Na Amazônia, não temos só florestas, temos cidades, e grandes cidades, como Belém e Manaus; temos indígenas, mas não só.  A terra foi dada ao homem para ser cultivada e cuidada, segundo o livro do Gênesis. Será que não é possível conjugar o cultivo e o cuidado da Amazônia, tendo como ponto de partida a vida dos seus habitantes e os interesses de cada país que possui parte da floresta? No caso brasileiro, não é hora de perguntar pelos resultados efetivos dos incentivos feitos por políticas públicas na Amazônia Legal?
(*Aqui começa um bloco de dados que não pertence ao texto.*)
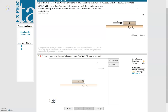In this video we'll be walking through how to use the interactive area within Expert TA to draw a free body diagram. I have an example problem here to walk through all the different components of the interactive area and things that you should be looking out for.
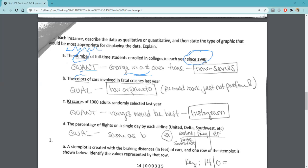Part B says 'the colors of cars involved in fatal crashes last year,' so we know we're talking about qualitative data. We aren't looking at any type of change over time — just one period of time and the colors of cars involved. We could use a bar graph, a Pareto chart, or even a pie chart, but pie charts are not going to be the preferred display when a bar or Pareto chart is an option.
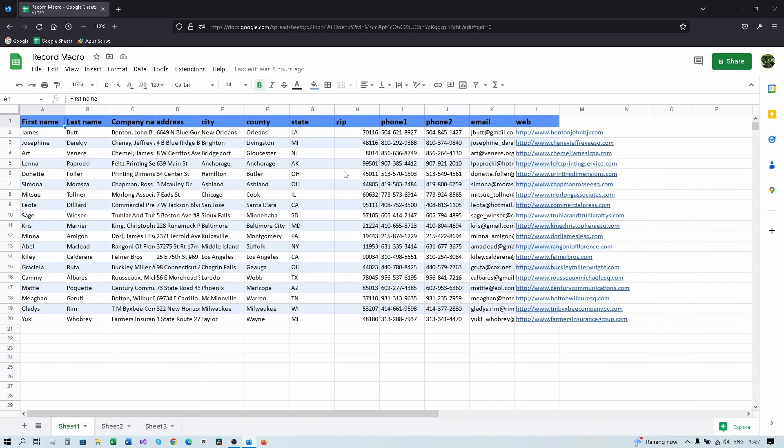Hi everyone, Rosco here. In this video I will show you how to record a macro, how to use it, and also how to import macros between spreadsheets.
No ambiente eclesial católico, no Brasil, sempre ouvi falar do diminuto e insuficiente número de vocações à vida sacerdotal e religiosa na Amazônia Legal. Por algumas vezes, cheguei a interpelar, em grupos de estudo, sobre a veracidade ou não do fato, motivado por quatro experiências pequenas, por isto, limitadas: primeira, certa vez, visitei um seminário de uma ordem religiosa, situado no Paraná, e fiquei surpreso ao verificar que quase todos os formandos eram provenientes da Amazônia Legal; segunda, nestes últimos anos, acompanho uma nova comunidade religiosa, de clérigos e não clérigos, e vejo que também possuem vocações da Amazônia; terceira, conheço uma pessoa que viveu por um tempo razoável em dois  Estados da Amazônia Legal, e senti, por seu intermédio, a constatação de que temos vocações à vida presbiteral e religiosa na Amazônia Legal, embora seja um “desafio” cultivá-las, sobretudo quando deslocadas de seu contexto sociocultural; quarta, não é difícil encontrar clérigos e consagrados, originários da Amazônia Legal, residindo e trabalhando em outras regiões  do Brasil.
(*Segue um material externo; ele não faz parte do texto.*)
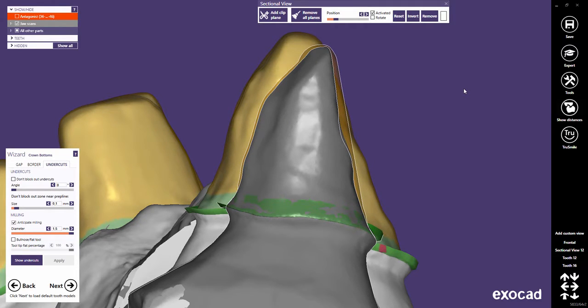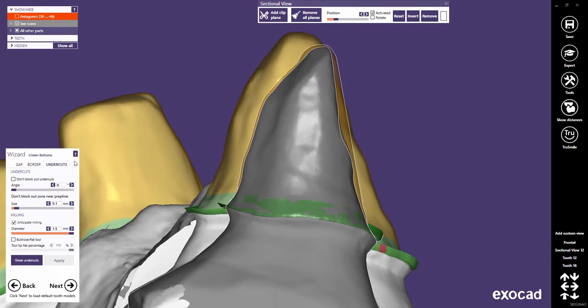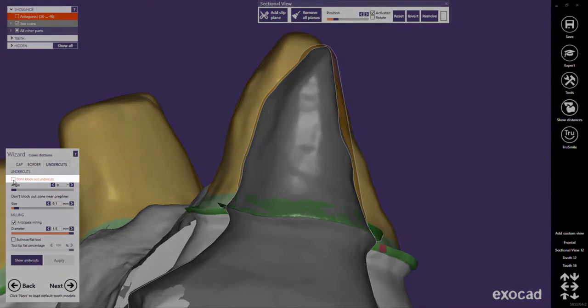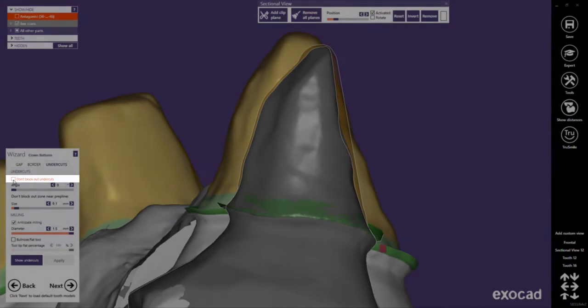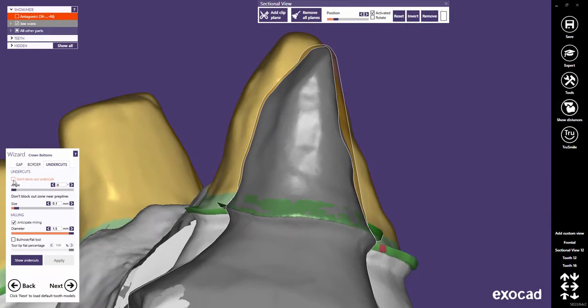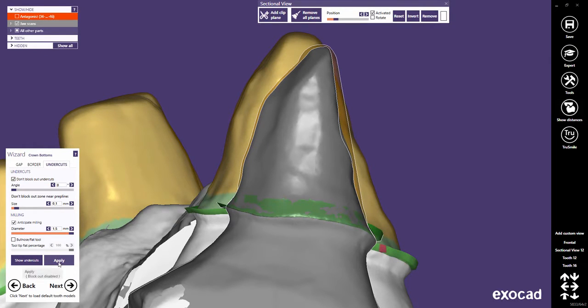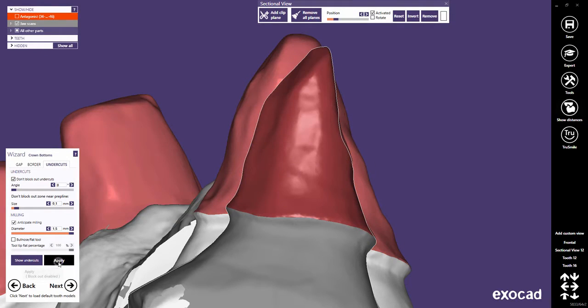Per default, undercuts are blocked out in the preparation unless you check Don't block out undercuts. Note, changes in the undercut settings always have to be applied.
É hora de perguntar: sabemos realmente a situação vocacional ao ministério ordenado e à vida religiosa na Amazônia Legal? Depois de vários séculos de presença da Igreja Católica na Amazônia Legal, porque ainda parece ter tantas dificuldades, que não parecem ser apenas de logística? Quais os resultados efetivos da presença missionária, também do investimento de recursos econômicos, de pessoas e organismos eclesiais de outras regiões do Brasil e do mundo na Amazônia Legal?
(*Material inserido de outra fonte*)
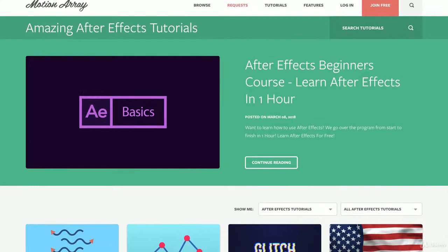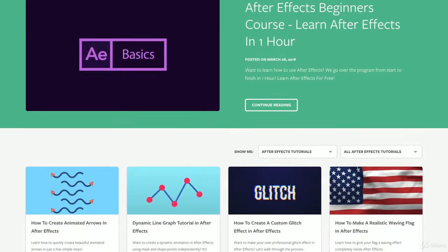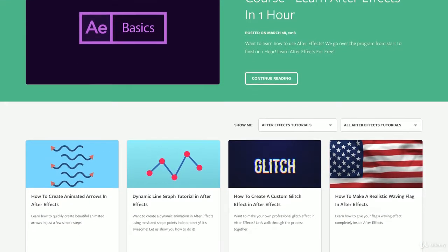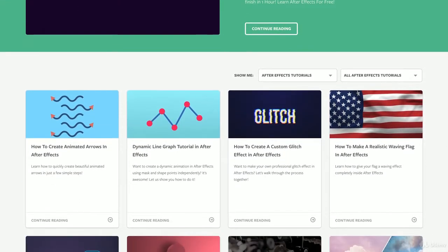But if you need some more touch-ups, you can always go back and check out previous videos, or you could go to www.motionarray.com where we have a bunch of other After Effects tutorials that you can check out for free.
Vejo com esperança, como uma gota d’água, balsâmica, a presença da Fraternidade de São Francisco de Assis na Providência de Deus, bem como da Associação São Francisco de Assis na Providência de Deus, originários e canonicamente vinculados à Diocese de São José do Rio Preto. Eles chegaram na Amazônia Legal, no estado do Pará, na Diocese de Óbidos, com os olhos voltados para o povo que habita esse pedacinho abençoado do Brasil, indígena ou não, mas Povo de Deus, olhando-o de forma integral, no corpo, na alma e no espírito. O seu interesse não está em nenhuma riqueza da fauna, da flora ou mineral, mas desejam apenas servir, como o Bom Samaritano do Evangelho, a partir do que administram da Providência de Deus.

+ Tomé Ferreira da Silva
Bispo Diocesano de São José do Rio Preto/SP.